Blog List.

Sharing xG Using Multi-touch Attribution Modelling

Introduction

A question that often comes up in data science is how you determine the performance of different marketing channels. For example, somebody might land on your website by clicking an advert on Google. They may find something they want to buy but leave the site only to return a few minutes later via an affiliate link with a discount code. They then add something to their shopping basket but never complete the purchase so you send them an email to remind them and finally they convert.

Which channel drove the conversion here, was it the final channel which they converted from? Was it the first one as it brought them onto the site in the first place? Or was it one of the other ones in-between that helped guide them to the conversion?

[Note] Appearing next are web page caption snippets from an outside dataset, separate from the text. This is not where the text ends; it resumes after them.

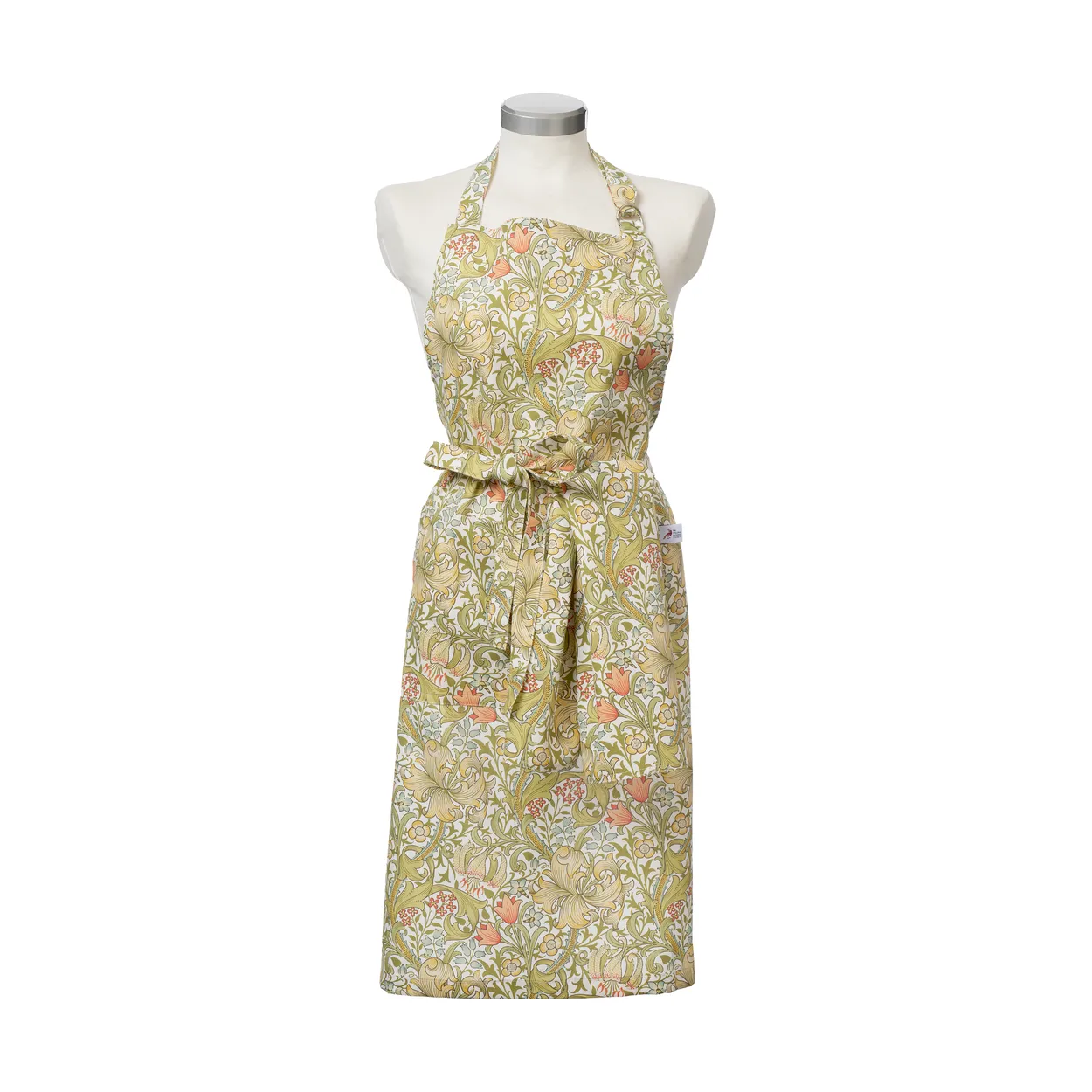 Klippan Yllefabrik Golden Lily Apron Multi | Scandinavian Design | Aprons | Multi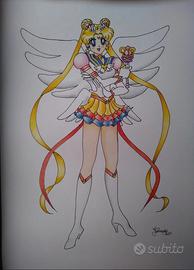 Sailor Moon - disegno fatto a mano
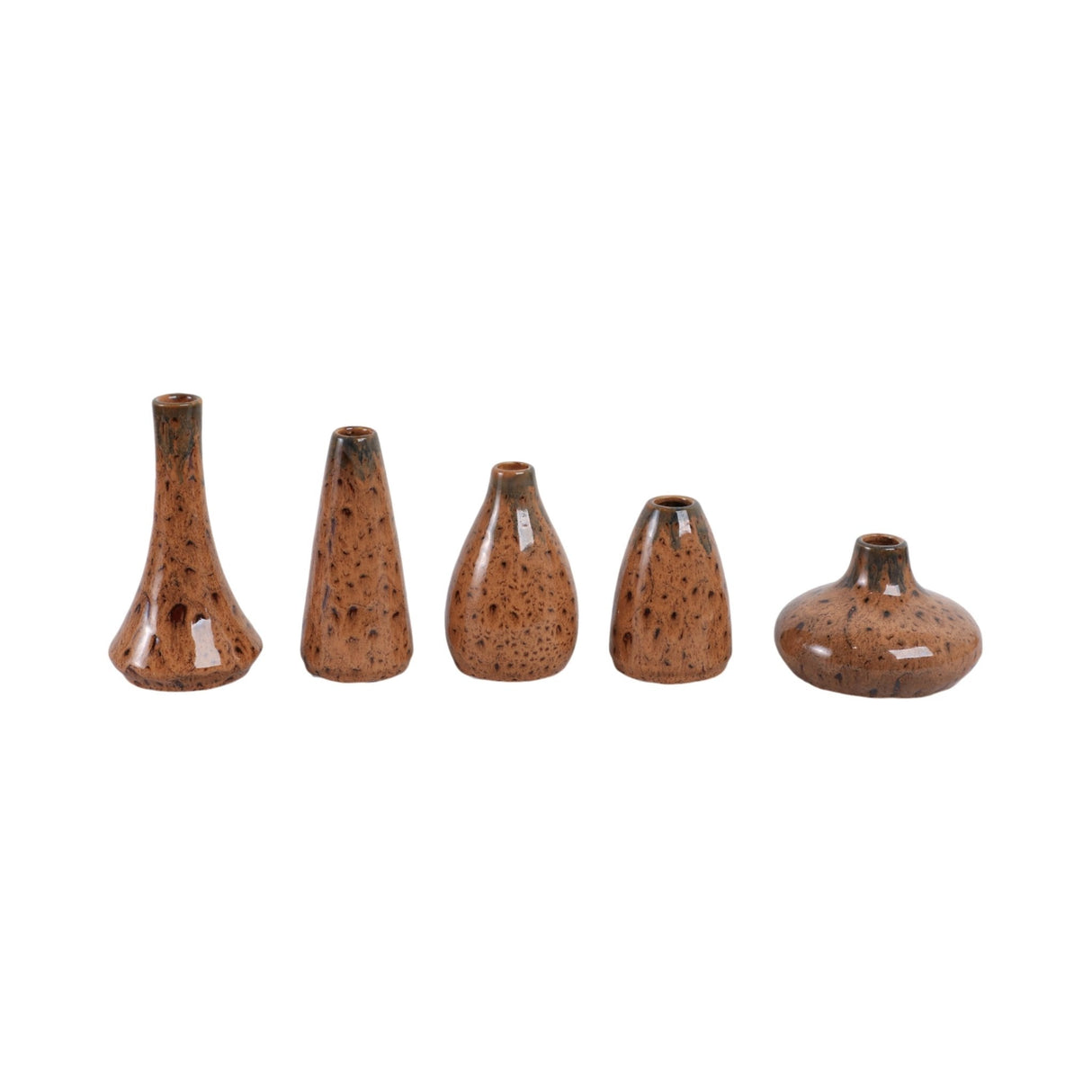 S/5 4/5/6/7/8" Gresham Ceramic Vases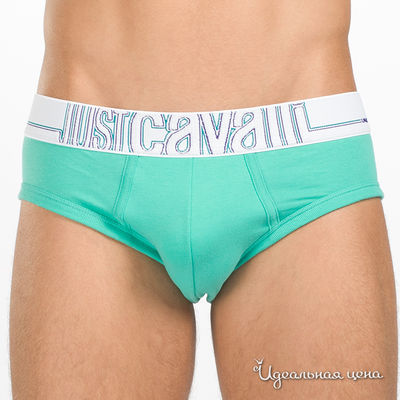 Трусы Roberto Cavalli, цвет цвет зеленый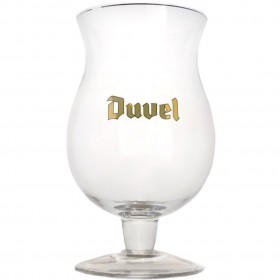 Glass Duvel Beer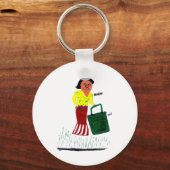 Porte-clés CTC International (Recto)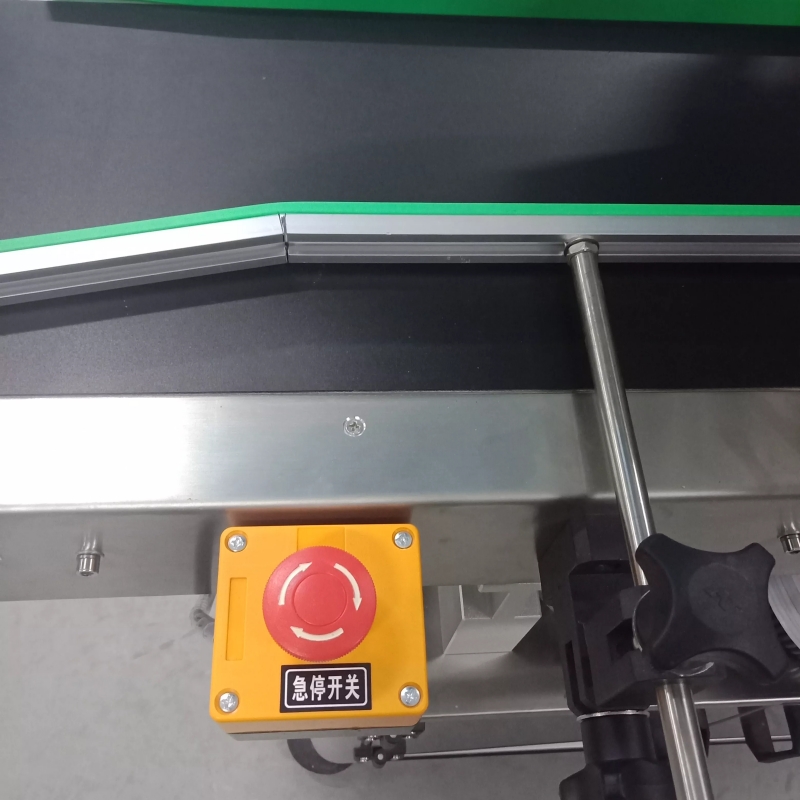 ਨਿਰੀਖਣ ਯੰਤਰ ਦੇ ਨਾਲ ਉੱਚ ਸ਼ੁੱਧਤਾ ਬਾਰਕੋਡ ਸਿੰਗਲ ਸਾਈਡ ਲੇਬਲਿੰਗ ਮਸ਼ੀਨ 11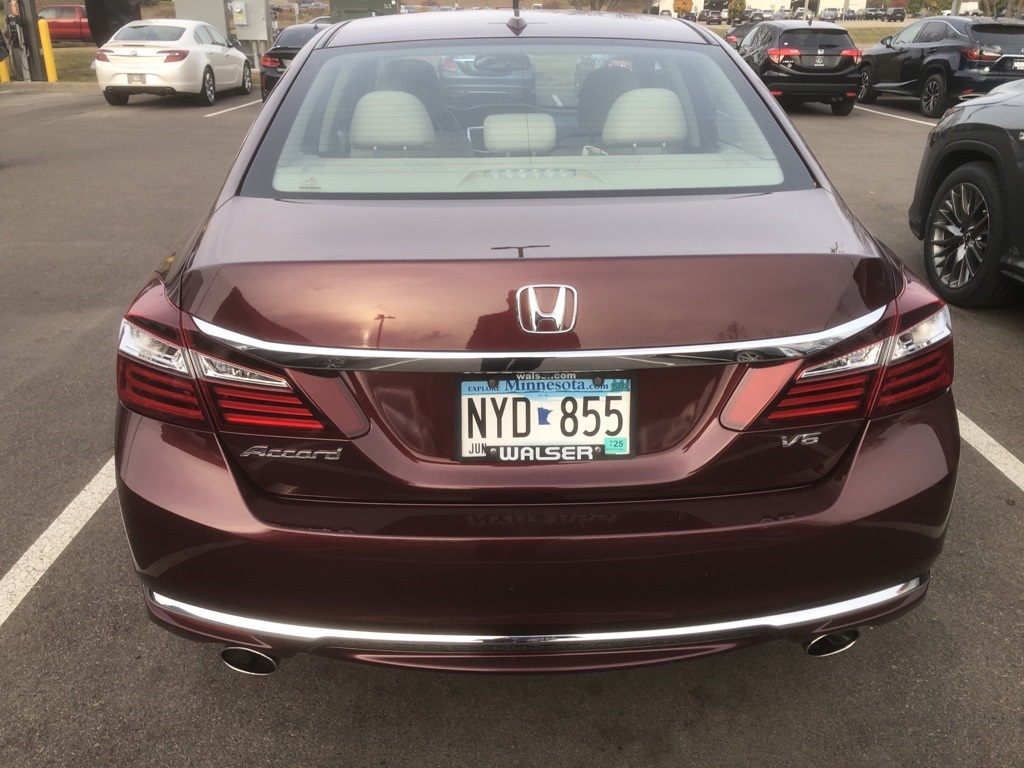 2016 Honda Accord EX-L 14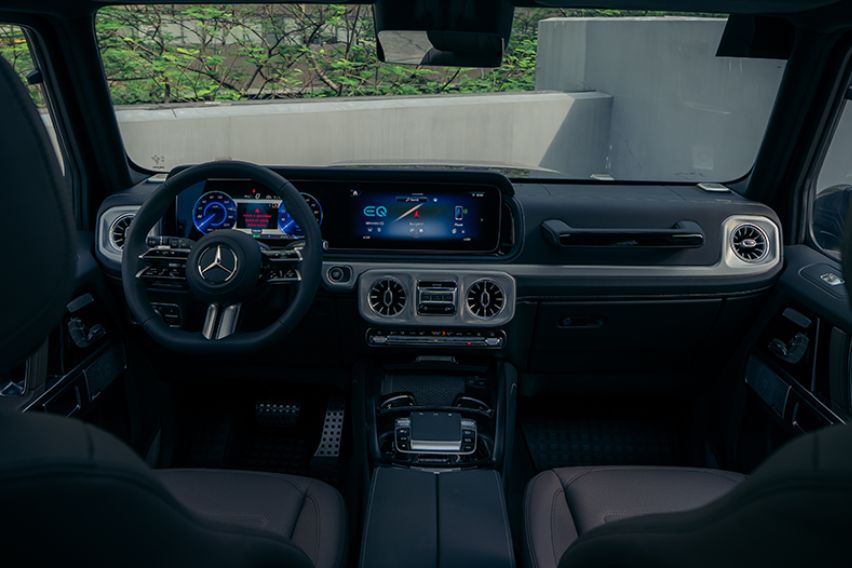 G-Class with EQ Technology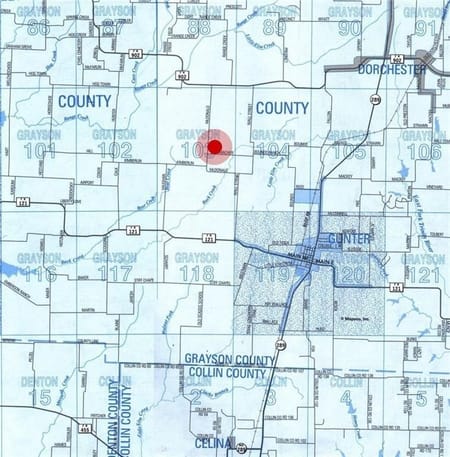 Gunter, TX 75058 Grayson County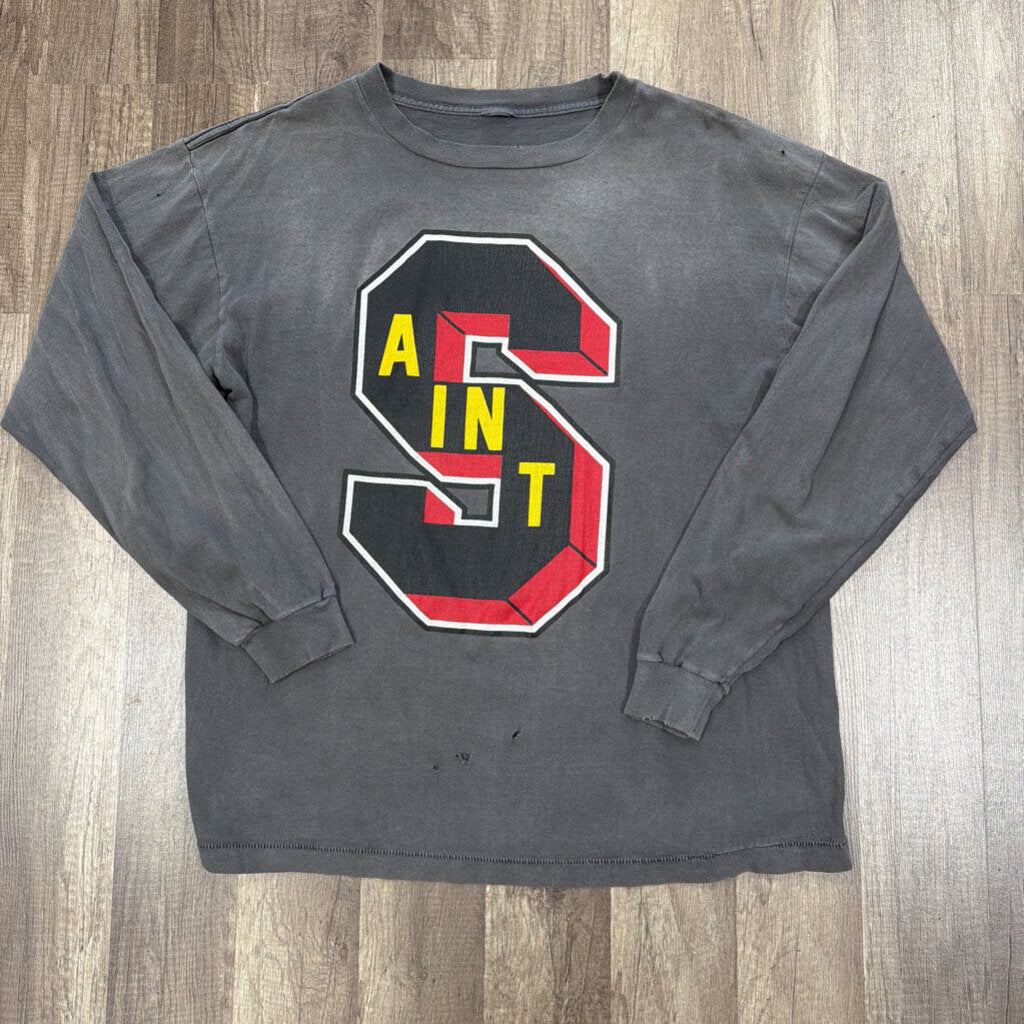 Saint Tears Long Sleeve Grey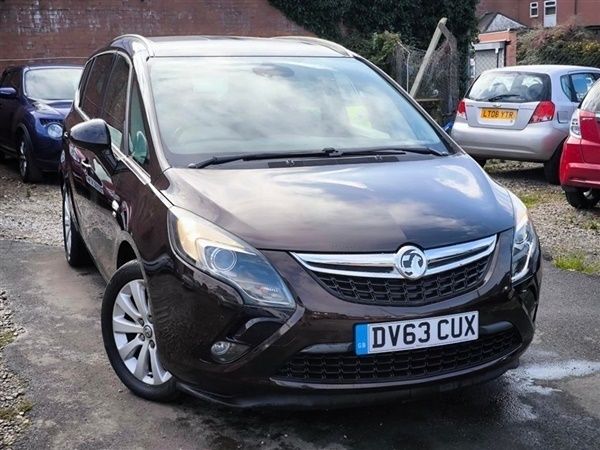 Brown Used 2013 Vauxhall Zafira MPV | £3,985 (Super price) - Image 1/1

Okay, this is a blog about football analytics so why I am writing about marketing? Well, consider this next example - Aymeric Laporte tackles the opposition's striker to win the ball and passes it to Fernandinho. Fernandinho then plays a short ball to Bernardo Silva, who then knocks it out wide to Raheem Sterling. Raz runs down the wing, beats the fullback and crosses the ball to Sergio Agüero who then scores. Which player was responsible for the goal here, was it Laporte for winning possession in the first place, was it Agüero since he scored or was it one of the players in-between who helped move the ball down the pitch to Agüero so he could score the goal?

Hopefully you've spotted that both examples are effectively the same problem - how do you determine the value of all the events leading up to a conversion?

Heuristics

Traditionally, this has been 'solved' using simple heuristics. For example the last player who touches the ball is awarded the goal or the last marketing channel a customer interacts with gets the credit for their purchase. Depending on the metric being measured, people will occasionally give credit to the first event in the sequence instead, or perhaps share everything out equally because it sounds fairer. If they are feeling really adventurous they may even apply some sort of curve to it but there's no real scientific rationale being used, it's typically just somebody's personal preference.

Multi-touch Attribution Models

A more scientific approach taken from the world of marketing analytics is to use multi-touch attribution modelling to quantify the importance of each event in the sequence and assign a fractional amount of credit to it based on how much it drives the final outcome.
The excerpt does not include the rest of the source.